# WORK TO COMPLETE:
Reproduce only this stretch of the listing below: from the line with "ffata reporting webinar forum tips guidance" through the line with "New Year Element", exactly as written, with pictures excluded.

# RECORD EXTRACTS:

+ + +

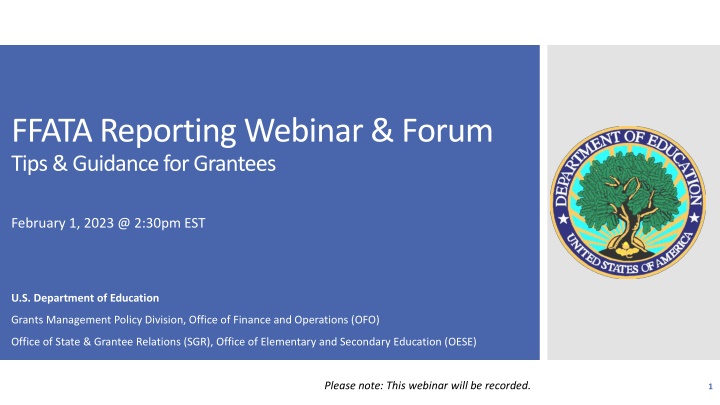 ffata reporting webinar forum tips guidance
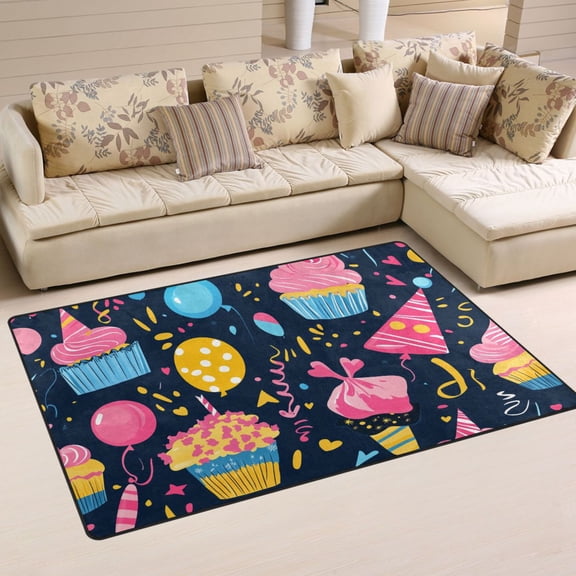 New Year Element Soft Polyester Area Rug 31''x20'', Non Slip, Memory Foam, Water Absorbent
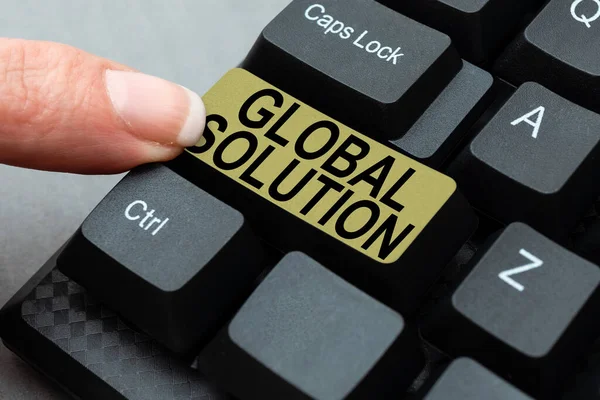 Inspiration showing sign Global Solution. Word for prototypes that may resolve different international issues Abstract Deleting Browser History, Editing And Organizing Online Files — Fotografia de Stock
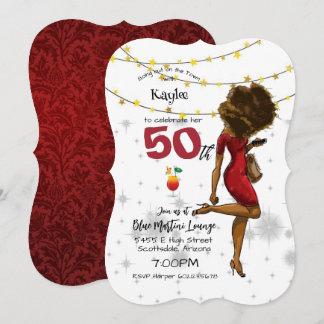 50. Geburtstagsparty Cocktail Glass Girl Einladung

+ + +

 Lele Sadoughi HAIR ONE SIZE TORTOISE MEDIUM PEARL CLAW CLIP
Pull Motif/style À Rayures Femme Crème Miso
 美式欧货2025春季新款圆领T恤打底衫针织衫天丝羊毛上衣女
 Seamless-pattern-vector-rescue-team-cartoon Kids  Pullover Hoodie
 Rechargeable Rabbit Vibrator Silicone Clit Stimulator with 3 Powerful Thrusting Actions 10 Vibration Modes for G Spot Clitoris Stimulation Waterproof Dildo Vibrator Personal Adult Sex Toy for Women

+ + +

# THE COMPLETED TASK:
 ffata reporting webinar forum tips guidance
 New Year Element Soft Polyester Area Rug 31''x20'', Non Slip, Memory Foam, Water Absorbent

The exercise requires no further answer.